Task directions ::
Exact copy, no pictures: set down every entry below as written.

Segment Start: Supplied information

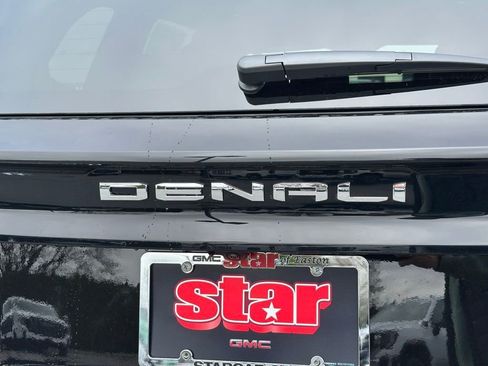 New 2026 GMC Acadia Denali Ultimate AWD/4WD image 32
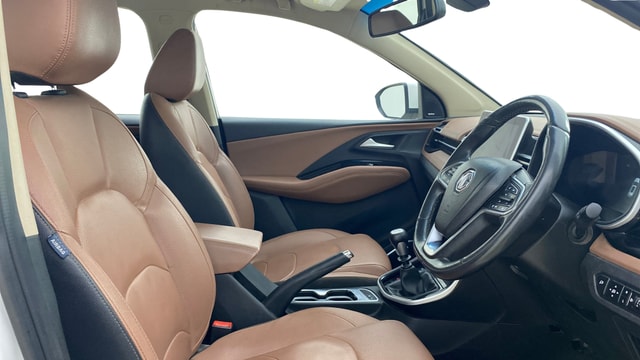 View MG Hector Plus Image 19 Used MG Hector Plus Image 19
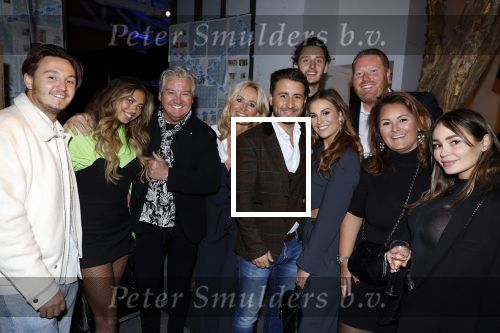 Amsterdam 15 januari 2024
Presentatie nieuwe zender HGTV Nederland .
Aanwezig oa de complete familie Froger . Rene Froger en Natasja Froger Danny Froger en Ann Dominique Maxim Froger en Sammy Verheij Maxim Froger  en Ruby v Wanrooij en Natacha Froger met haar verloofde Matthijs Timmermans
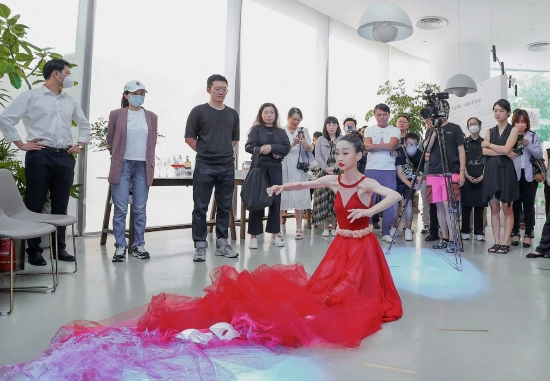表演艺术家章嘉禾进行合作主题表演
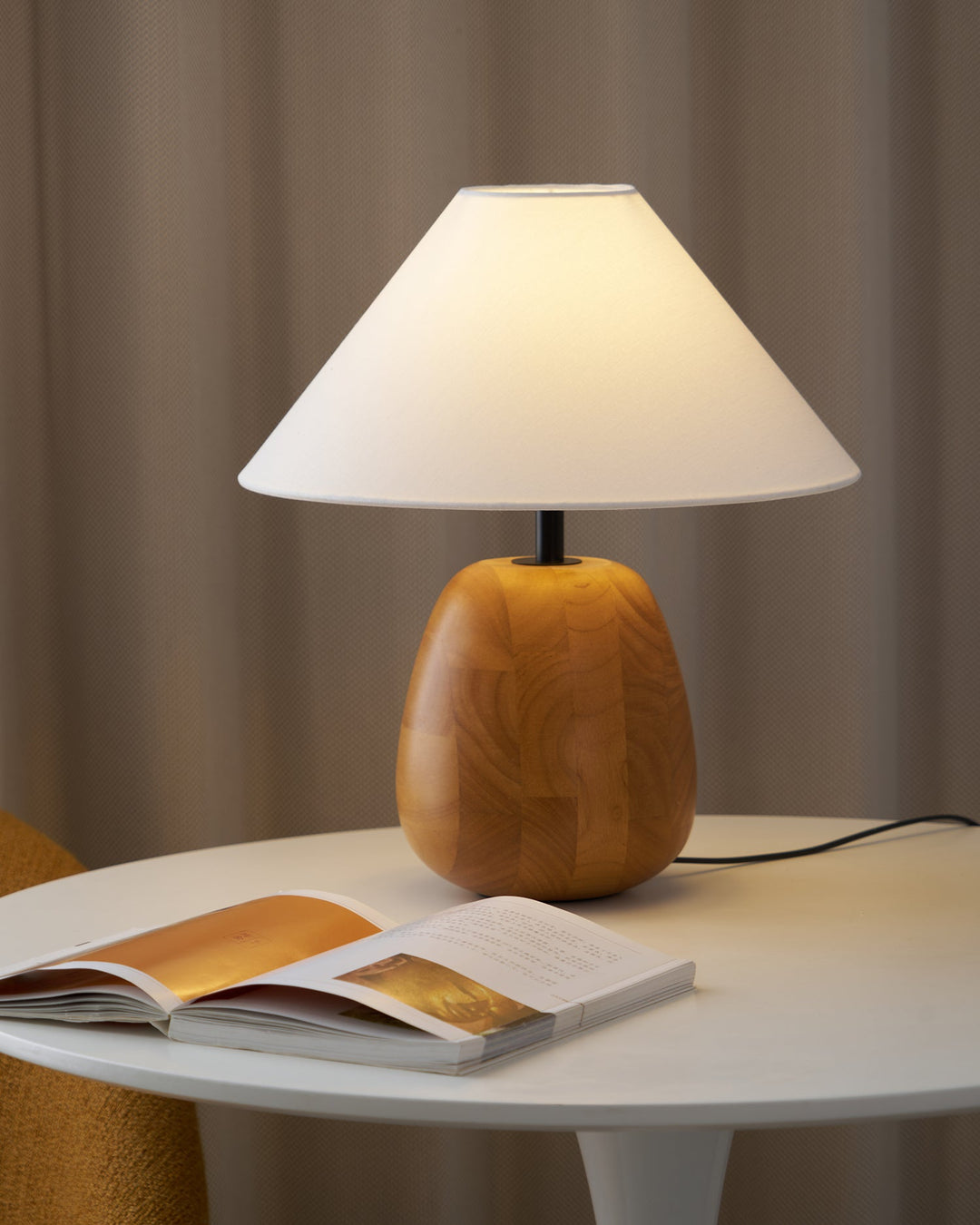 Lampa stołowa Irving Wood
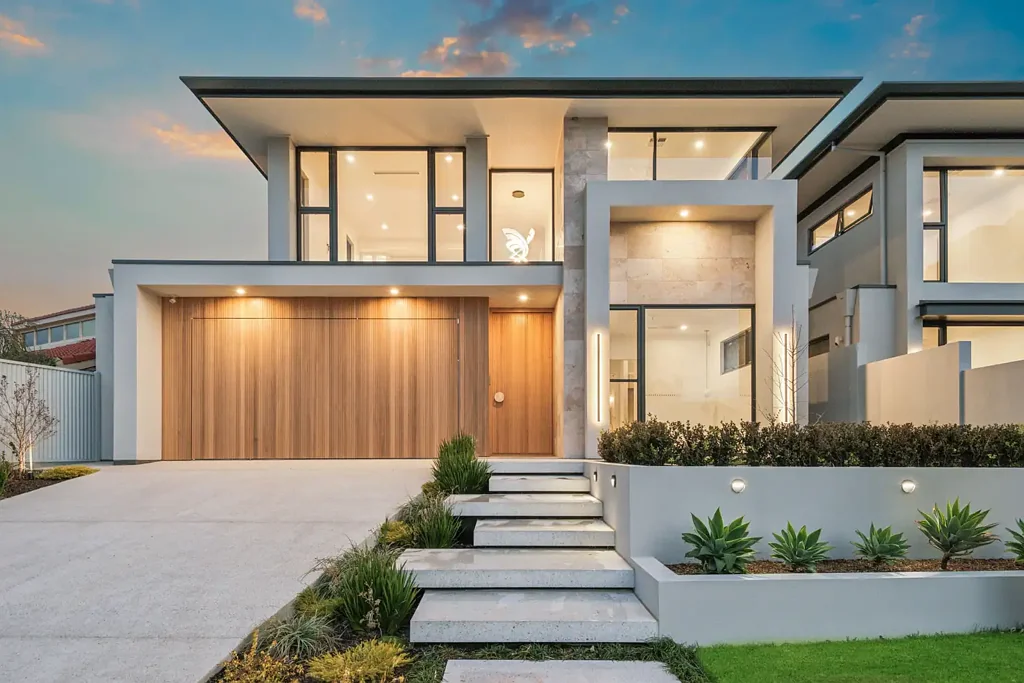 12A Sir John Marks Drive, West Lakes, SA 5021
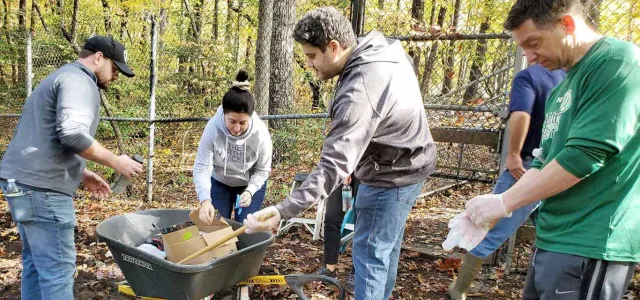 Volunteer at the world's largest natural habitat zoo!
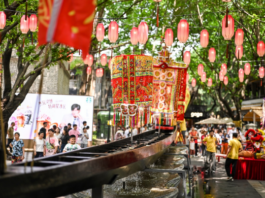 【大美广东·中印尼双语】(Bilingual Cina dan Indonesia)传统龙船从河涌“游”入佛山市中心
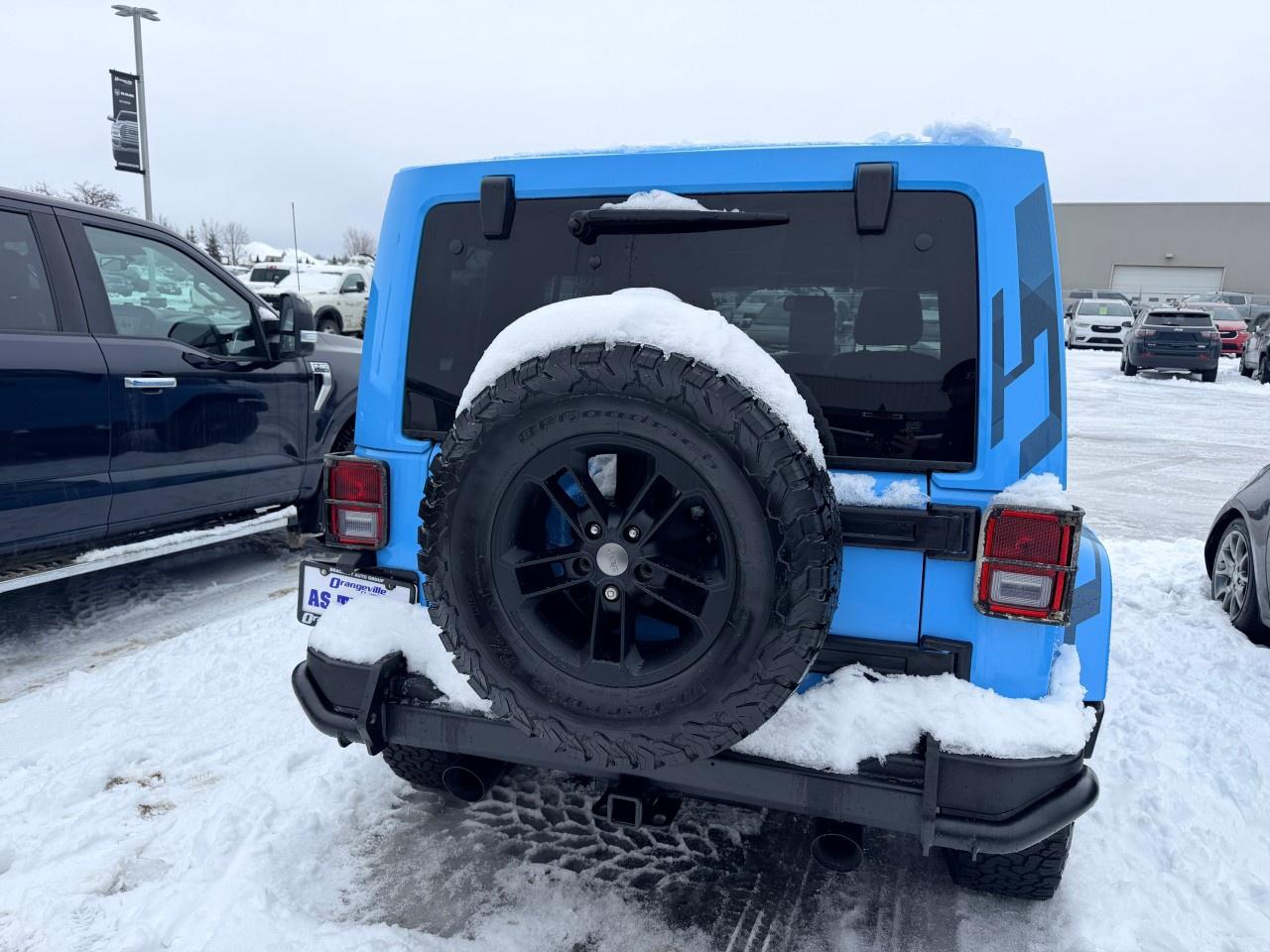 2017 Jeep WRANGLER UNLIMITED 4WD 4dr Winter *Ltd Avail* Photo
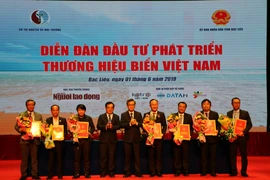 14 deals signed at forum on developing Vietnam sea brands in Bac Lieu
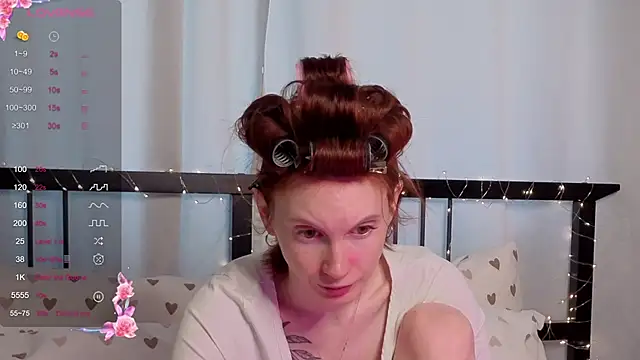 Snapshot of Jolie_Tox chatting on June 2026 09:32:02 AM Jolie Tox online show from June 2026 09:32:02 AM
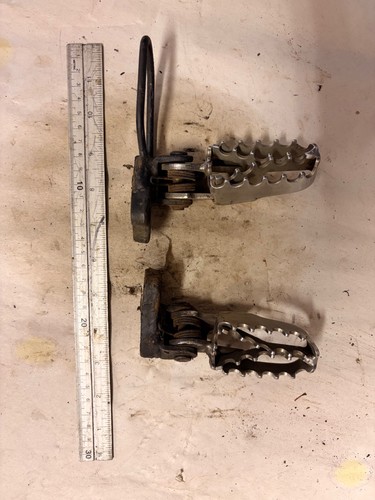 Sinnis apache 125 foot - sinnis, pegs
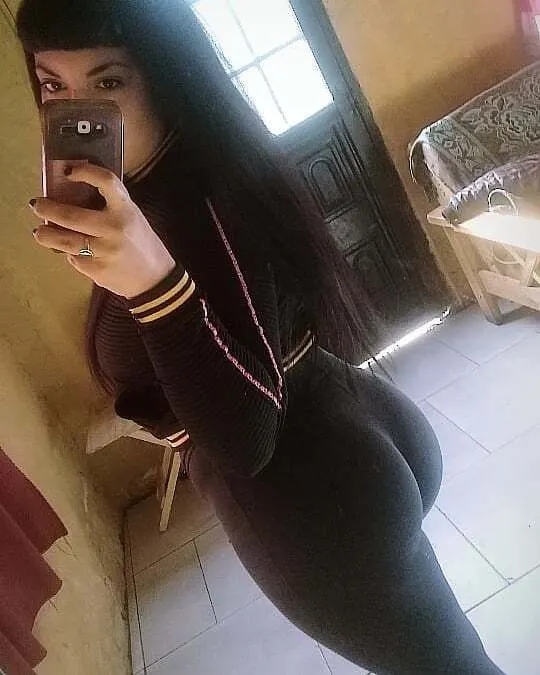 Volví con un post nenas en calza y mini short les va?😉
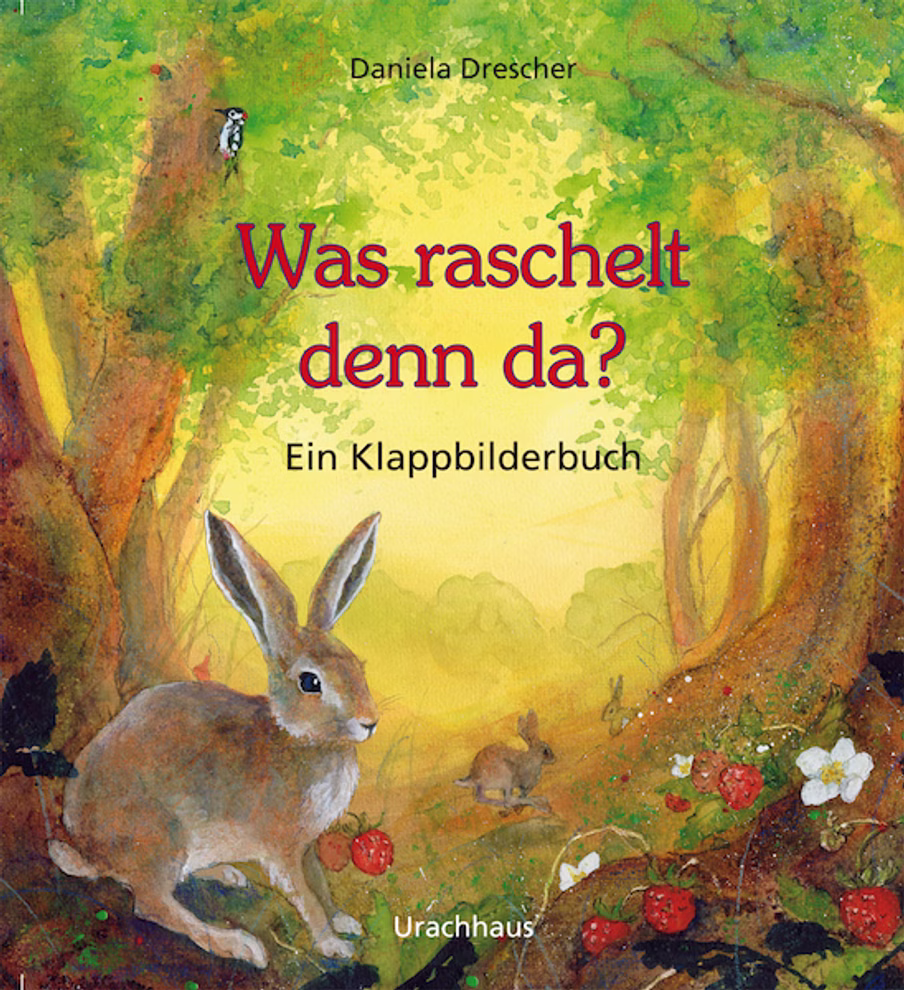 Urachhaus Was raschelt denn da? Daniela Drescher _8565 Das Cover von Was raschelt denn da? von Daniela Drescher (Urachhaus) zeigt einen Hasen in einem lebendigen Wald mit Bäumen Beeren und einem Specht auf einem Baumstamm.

Segment End: Supplied information

Exercise result ::
 New 2026 GMC Acadia Denali Ultimate AWD/4WD image 32
 View MG Hector Plus Image 19 Used MG Hector Plus Image 19
 Amsterdam 15 januari 2024
Presentatie nieuwe zender HGTV Nederland .
Aanwezig oa de complete familie Froger . Rene Froger en Natasja Froger Danny Froger en Ann Dominique Maxim Froger en Sammy Verheij Maxim Froger  en Ruby v Wanrooij en Natacha Froger met haar verloofde Matthijs Timmermans
表演艺术家章嘉禾进行合作主题表演
 Lampa stołowa Irving Wood
 12A Sir John Marks Drive, West Lakes, SA 5021
 Volunteer at the world's largest natural habitat zoo!
 【大美广东·中印尼双语】(Bilingual Cina dan Indonesia)传统龙船从河涌“游”入佛山市中心
 2017 Jeep WRANGLER UNLIMITED 4WD 4dr Winter *Ltd Avail* Photo
 14 deals signed at forum on developing Vietnam sea brands in Bac Lieu
 Snapshot of Jolie_Tox chatting on June 2026 09:32:02 AM Jolie Tox online show from June 2026 09:32:02 AM
 Sinnis apache 125 foot - sinnis, pegs
 Volví con un post nenas en calza y mini short les va?😉
 Urachhaus Was raschelt denn da? Daniela Drescher _8565 Das Cover von Was raschelt denn da? von Daniela Drescher (Urachhaus) zeigt einen Hasen in einem lebendigen Wald mit Bäumen Beeren und einem Specht auf einem Baumstamm.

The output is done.